==== Entries shown ====

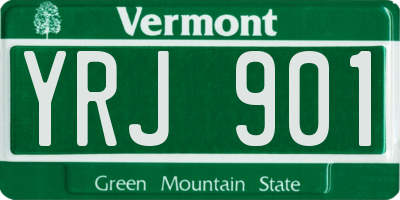 VT license plate YRJ901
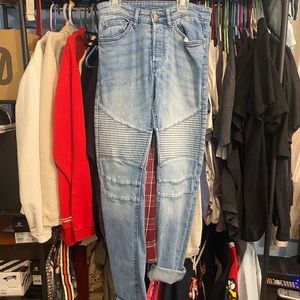 Skinny biker jeans
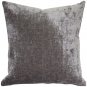 Venetian Velvet Cloud Gray Throw Pillow 20x20, Complete with Pillow Insert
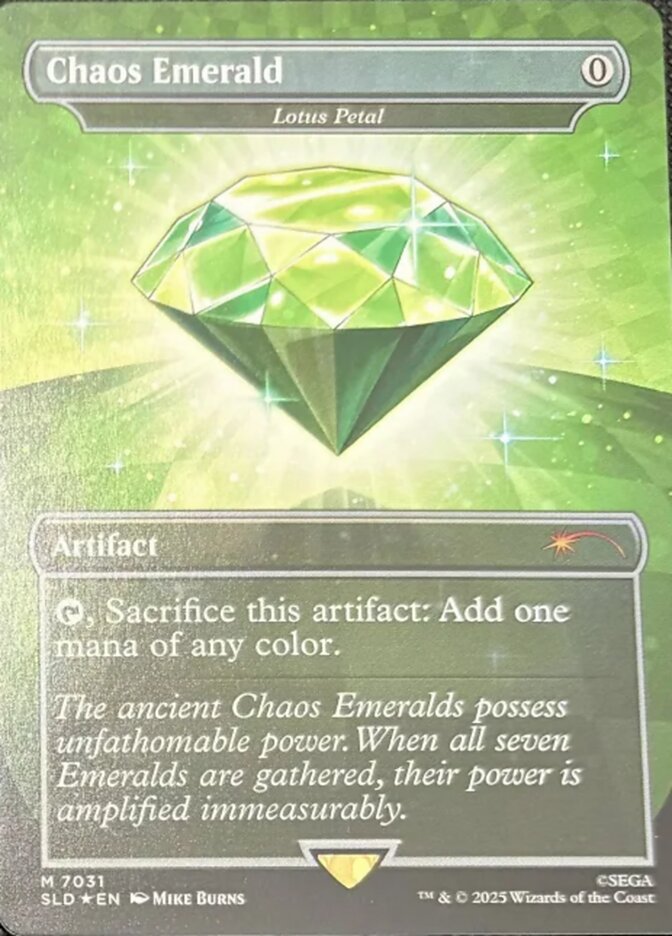 Chaos Emerald Lotus Petal 7031 7031 (Secret Lair Drop Series)  - Foil | Good Games Adelaide SA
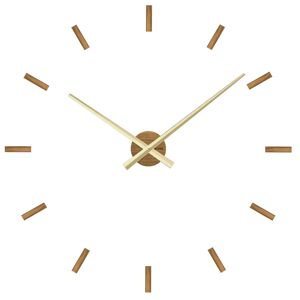 VLAHA VCT1040 Minimal tölgyfa öntapadó óra, arany, átmérő: 80 cm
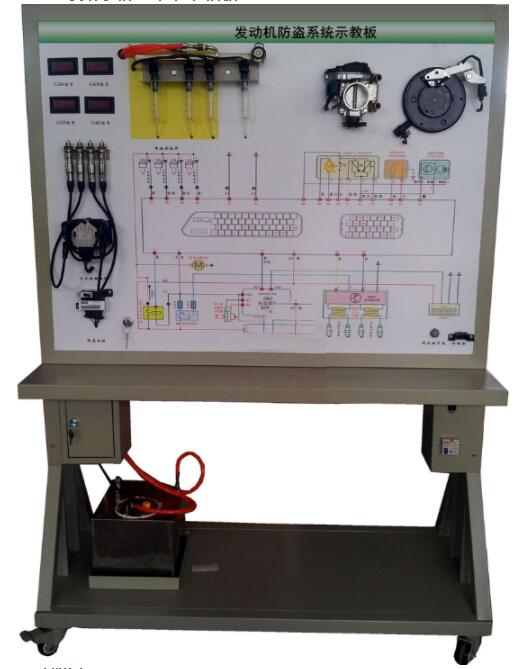 JDC-HD发动机防盗系统示教板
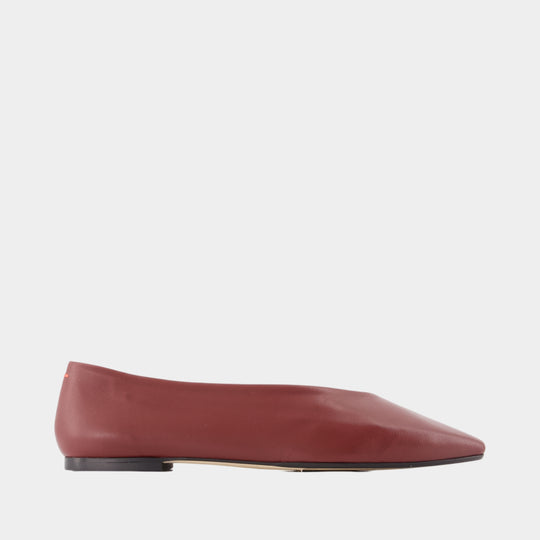 Ballerines Betty - Aeyde - Cuir - Bordeaux
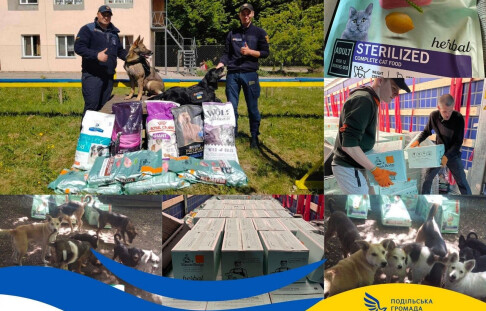 Podilska Hromada Community Foundation continues to receive and transfer animal feed to organizations that care for them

====

What needs to be done: Write the data out again word for word; leave the pictures behind.

Answer for this exercise:
 VT license plate YRJ901
 Skinny biker jeans
 Venetian Velvet Cloud Gray Throw Pillow 20x20, Complete with Pillow Insert
 Chaos Emerald Lotus Petal 7031 7031 (Secret Lair Drop Series)  - Foil | Good Games Adelaide SA
 VLAHA VCT1040 Minimal tölgyfa öntapadó óra, arany, átmérő: 80 cm
 JDC-HD发动机防盗系统示教板
 Ballerines Betty - Aeyde - Cuir - Bordeaux
 Podilska Hromada Community Foundation continues to receive and transfer animal feed to organizations that care for them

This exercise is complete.